What is robots.txt? : Explaining its purpose and how to write it

2024.05.22

contents

1 What is robots.txt?
2 Setting up robots.txt
3 Do not use robots.txt to deny indexing
4 FAQs on robots.txt
5 Summary

Have you, as a website manager, heard of robots.txt?

This file instructs search engine crawlers which pages to crawl and which to avoid.

Properly configuring robots.txt aids in search engine optimization (SEO) and efficiently advances the indexing of your website.

In this guide, we will explain the purpose of setting up robots.txt and provide a detailed guide on how to write it.

SEO Internal Measures Checklist

Title Character Count Meta Description Tag Heading (H Tag) Setup

Placement of HTML Tags Optimization of Internal Links Optimization of Directory Structure

Implementation of Breadcrumb Navigation What is Alt Attribute? Indexing Measures

Implementation of Structured Data SSL Encryption (HTTPS) Setting up Canonical Tags

What is a Sitemap? Setting up robots.txt File URL Normalization

Improving Page Load Speed Handling URLs with and without ‘www’ Promoting Core Web Vitals

Improving UI and UX Speeding up Server Processing Responsive Web Design

What is robots.txt?

Robots.txt refers to a file used to deny crawling of specific content. Crawling is when search engine crawlers, or robots, traverse sites on the internet to gather site information, a crucial process for collecting data that gets stored on search engine pages.

Typically, a website contains both critical and less critical content. Using robots.txt allows the control of certain crawls, focusing the crawling on important content.

History of robots.txt

Robots.txt was devised in 1994 by Martijn Koster, who was working for the search engine WebCrawler.

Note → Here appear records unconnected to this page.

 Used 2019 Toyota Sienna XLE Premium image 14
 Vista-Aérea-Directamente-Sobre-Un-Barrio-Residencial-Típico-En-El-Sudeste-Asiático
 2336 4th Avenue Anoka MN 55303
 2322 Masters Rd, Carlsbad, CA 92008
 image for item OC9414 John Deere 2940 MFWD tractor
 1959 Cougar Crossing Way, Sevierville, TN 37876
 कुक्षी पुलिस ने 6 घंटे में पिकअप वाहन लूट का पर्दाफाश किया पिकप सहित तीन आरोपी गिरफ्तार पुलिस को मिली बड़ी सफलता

Initially, it was provided as a means for website operators to control crawler access.

In 1997, the Robots Exclusion Standard (also known as Robots Exclusion Protocol) was established, making robots.txt more commonly used.

Now, based on this standard, website operators can instruct crawlers on which pages to deny crawling, making it an indispensable tool for website management.

Reference page: Wikipedia

Difference between robots.txt and noindex

A setting that can be easily confused with robots.txt is the use of noindex. Noindex is a setting to prevent search engines from indexing (saving information to data pages), implemented through a meta tag in the HTML code.

Hence, there are significant differences in purpose and setup method as outlined below:

Item	robots.txt	noindex
Format	Text file	Meta element or HTTP header
Scope	Can be set for the entire site	Set for individual pages
Purpose	Denies crawling	Denies indexing

With noindex, indexing is denied, so the content will not appear in search results. However, with robots.txt, the setting denies crawling, but there is still a possibility for the content to appear in search results.

The purpose of robots.txt

The primary purpose of robots.txt is to deny crawling, but it also plays various roles such as optimizing crawlability and submitting XML sitemaps. It is an indispensable element as an alternative to noindex, which can only be used with HTML.

Here, we’ll explain in detail the purpose of robots.txt:

Prevent crawling of specific pages

The main purpose of robots.txt is to deny crawling of specific content, which can be set at various levels, such as by page or directory.

For example, it can be utilized for content like;

-Incomplete pages

-Pages that require login

-Pages only available to members

Such pages are often not intended to be shown in search results, or SEO is not considered at all. Unnecessary crawling of content can potentially be counterproductive in SEO.

By using robots.txt to deny crawling, you can prevent situations that could undesirably lower the site’s rating.

Preventing crawling of image and video files

While using images and videos is common in website management, these files are not HTML, and therefore cannot be set with noindex. However, robots.txt allows you to deny crawling for non-HTML files, making it often used as an alternative when noindex cannot be applied.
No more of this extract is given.